この震災によって亡くなられたお一人お一人は、この礼拝で祈られるように、確かに魂の平安が与えられ、神様の御国で安らいでいらっしゃることを信じ、ただただそのことをお伝えしたいのです。この世で愛した人々、家族、楽しいこと嬉しいこと、これからの夢や希望・・・、それらすべてを残したままで去らなければならなかった人々の無念さも、きっと主のみ前で、この世に残る皆さんのための執りなしの祈りに代えられていることと信じます。私たちは亡くなられた方を偲びます。思い出を語り合います。その方の死に至るまでの苦しみに涙します。しかし、そこから私たちは毅然と立ち上がるのです。それは決してその苦しみや悲しみを忘れることではありません。それを克服することでもありません。亡くなられた方の死をその身に帯び、泣きながらも生きることの苦しさに従順に従うことです。キリストはすでに死に打ち勝っておられるからです。

 

この大震災で愛する人を亡くされた方々、皆様の寂しさはつのり、これからの生活に希望を持てない、暗黒のトンネルから抜け出せない状態が、これからも続くことでしょう。
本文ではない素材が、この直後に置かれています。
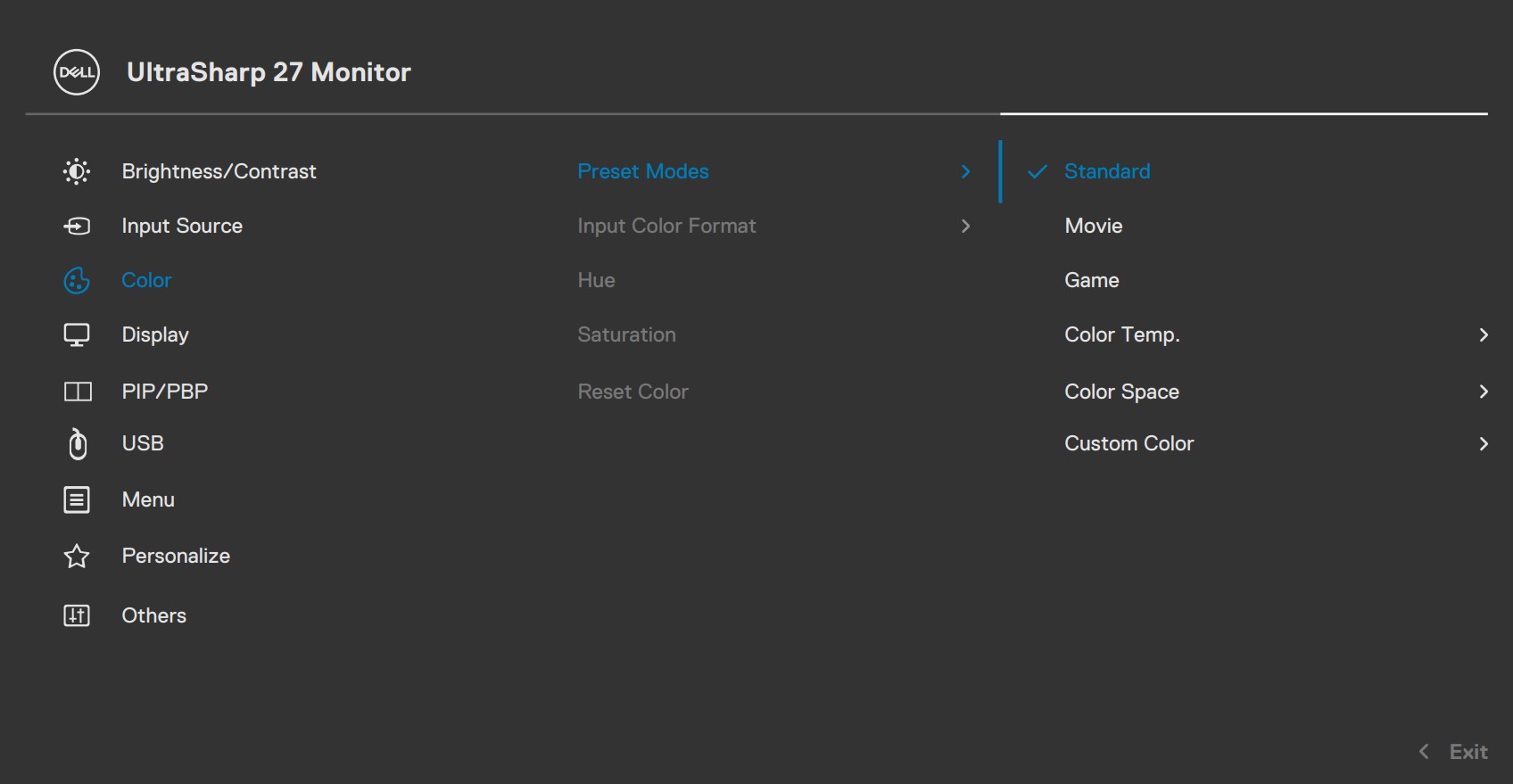 dell u2722de 高橋様　確認専用 Dell UltraSharp U2722DE quick review - Wide Color Coverage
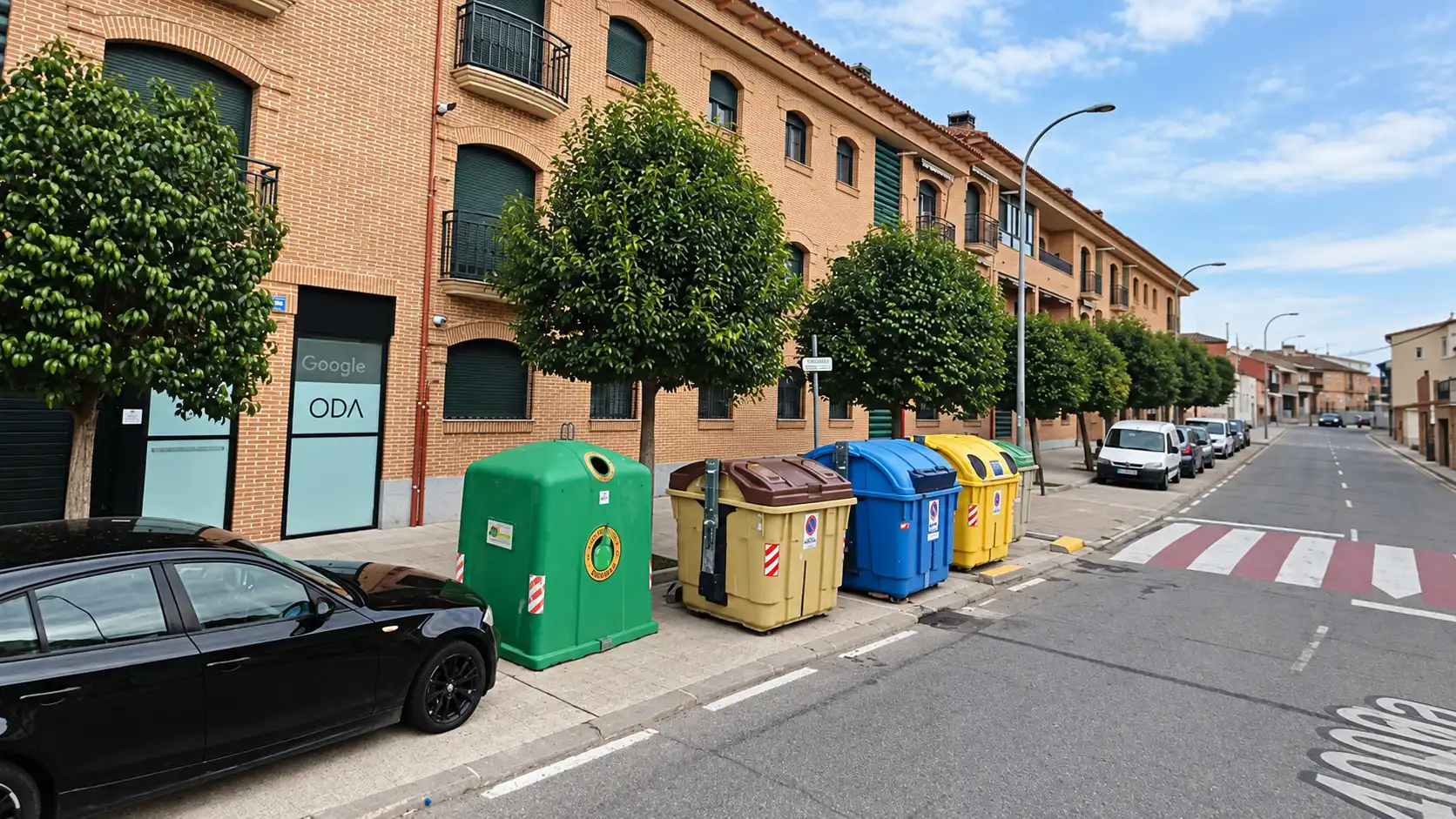Pis amb terrassa en venda a Calle Real 58, imagen 2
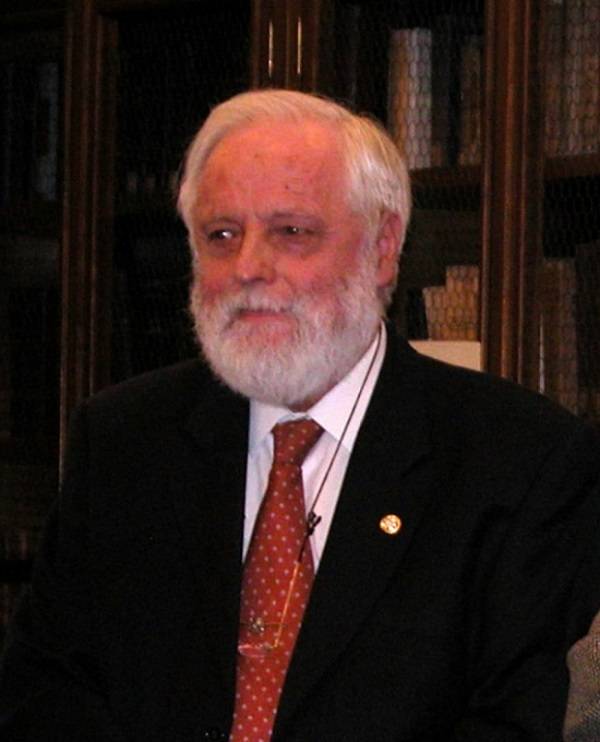 30 aniversario del Congreso mundial de Orce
心が弱り果てるのを感じるかもしれません。でも、そこから毅然として立ち上がるのです。キリストが死から生命に復活なさって生きておられるからです。

 

この残酷な大震災に意味というものがあるのかどうか、今の私にはわかりません。確かに、このような震災は起きてほしくなかった、起きるべきではなかった。しかし、この一年、その大きな傷跡に、神様のみ手が確実に触れてくださり、今日、私たちはここに集まっています。被災者の方々の間には、怒りと恨み、呪いの言葉が渦巻いていてもいいはずなのに、私がお会いする被災者の多くの方から返ってくるのは、「ありがたくて・・・」という感謝の言葉でした。十字架に架けられたキリストの手足の傷から流れ出る血によって私たちが生かされたように、この大震災によって犠牲になられた方々、被災された方々の流された血と涙によって、この国の多くの人々は、真実に大切なことに向き合わなければならない心を取り戻しつつあるように思われます。

 

私たちの生活、人生、生命、そして魂は、すべて尊い犠牲の上に成り立っているのです。私たちは人の苦しみや涙を食べて生かされていると言っても良いでしょう。そのことに真摯に向き合い、謙遜にひれ伏すことから、私たちは毅然とした新しい一歩を歩みだす、今日をその記念の日にしたいと思います。